_Input data_

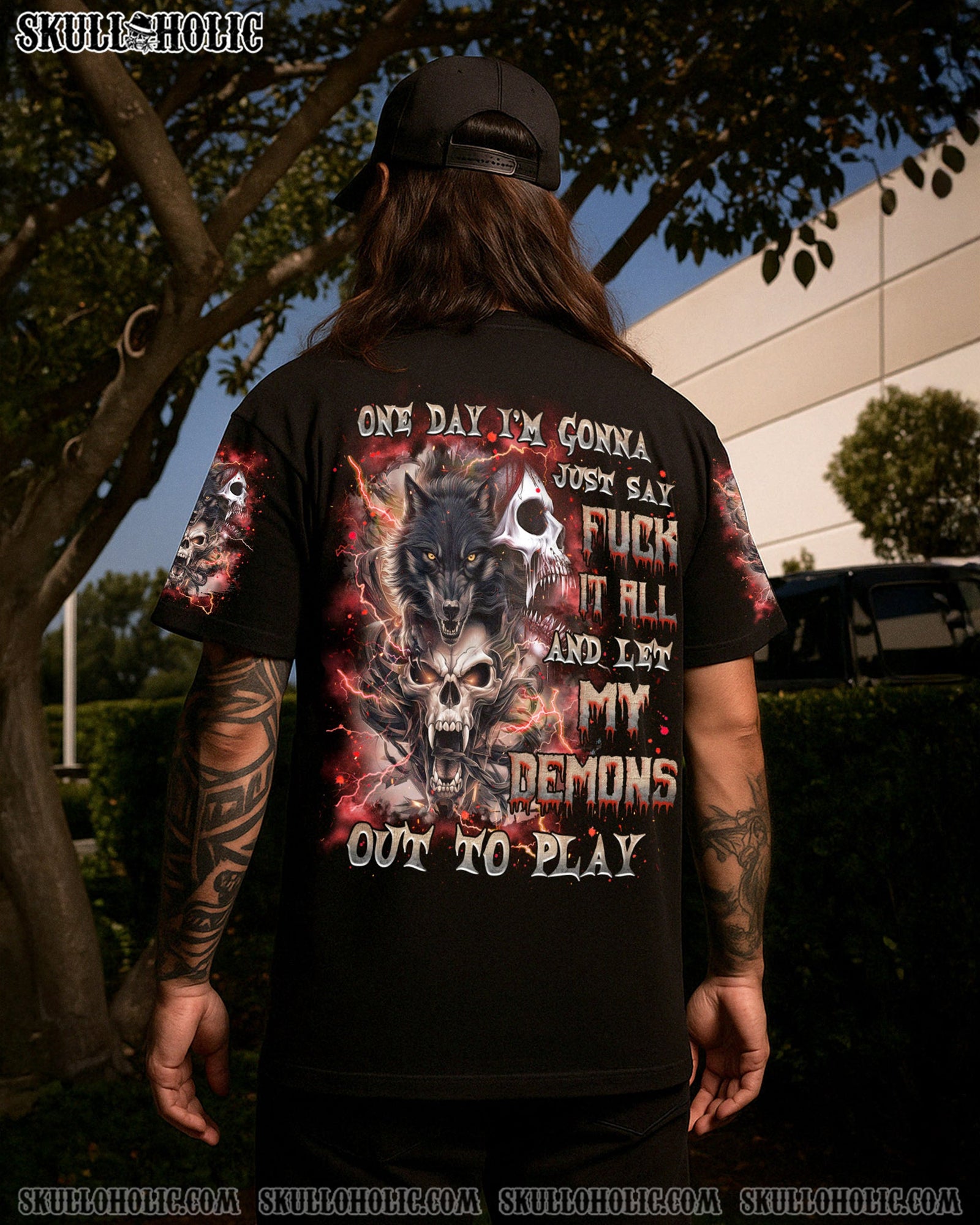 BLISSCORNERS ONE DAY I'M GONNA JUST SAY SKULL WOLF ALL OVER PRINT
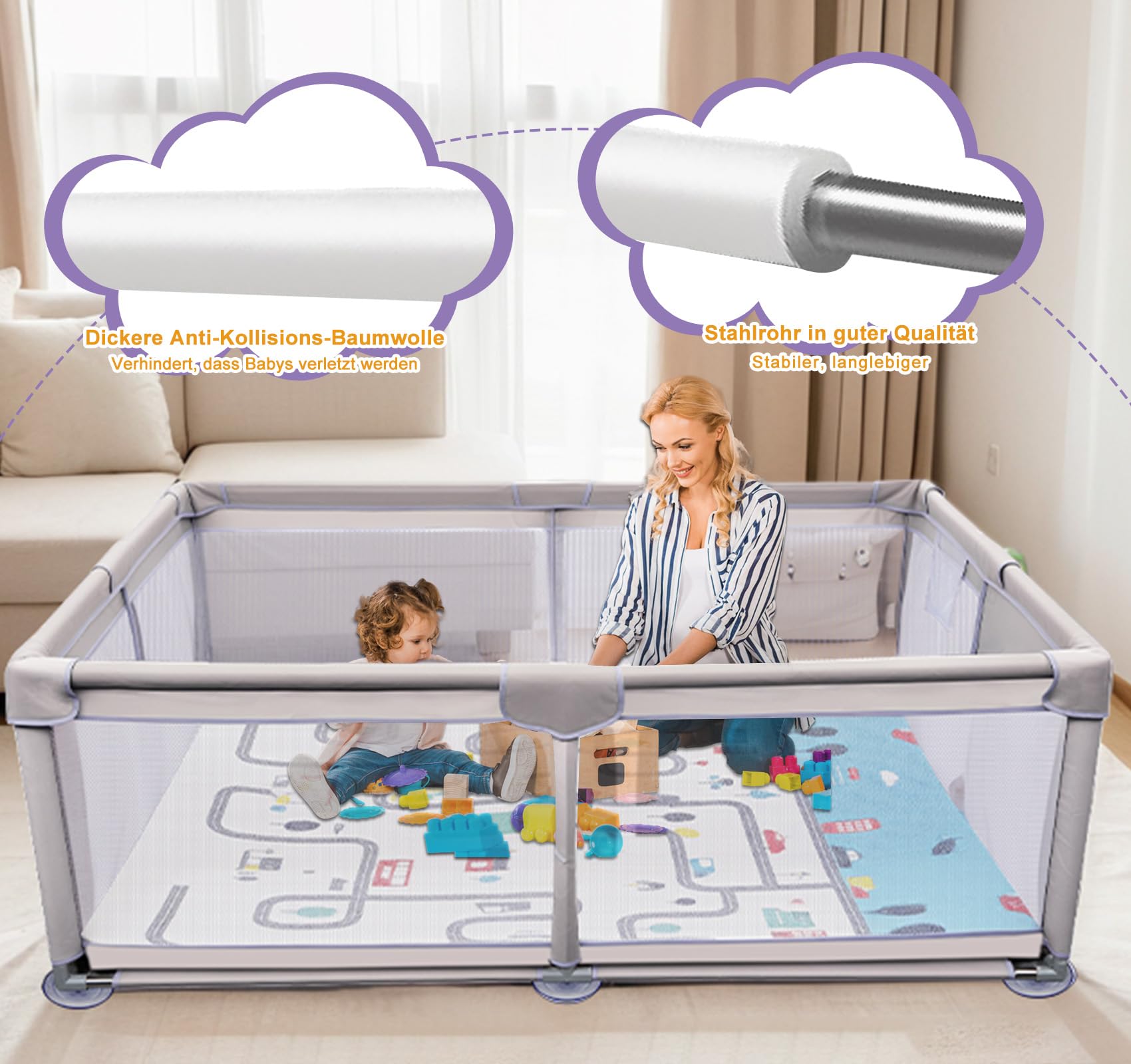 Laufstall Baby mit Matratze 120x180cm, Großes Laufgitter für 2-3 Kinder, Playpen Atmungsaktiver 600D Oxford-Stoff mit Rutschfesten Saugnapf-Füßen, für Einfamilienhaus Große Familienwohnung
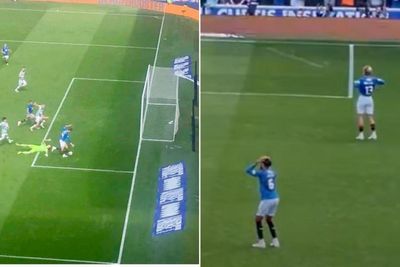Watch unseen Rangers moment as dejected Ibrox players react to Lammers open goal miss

_Your goal_
Reproduce the material word for word, minus the images.

_Exercise answer_
 BLISSCORNERS ONE DAY I'M GONNA JUST SAY SKULL WOLF ALL OVER PRINT
 Laufstall Baby mit Matratze 120x180cm, Großes Laufgitter für 2-3 Kinder, Playpen Atmungsaktiver 600D Oxford-Stoff mit Rutschfesten Saugnapf-Füßen, für Einfamilienhaus Große Familienwohnung
Watch unseen Rangers moment as dejected Ibrox players react to Lammers open goal miss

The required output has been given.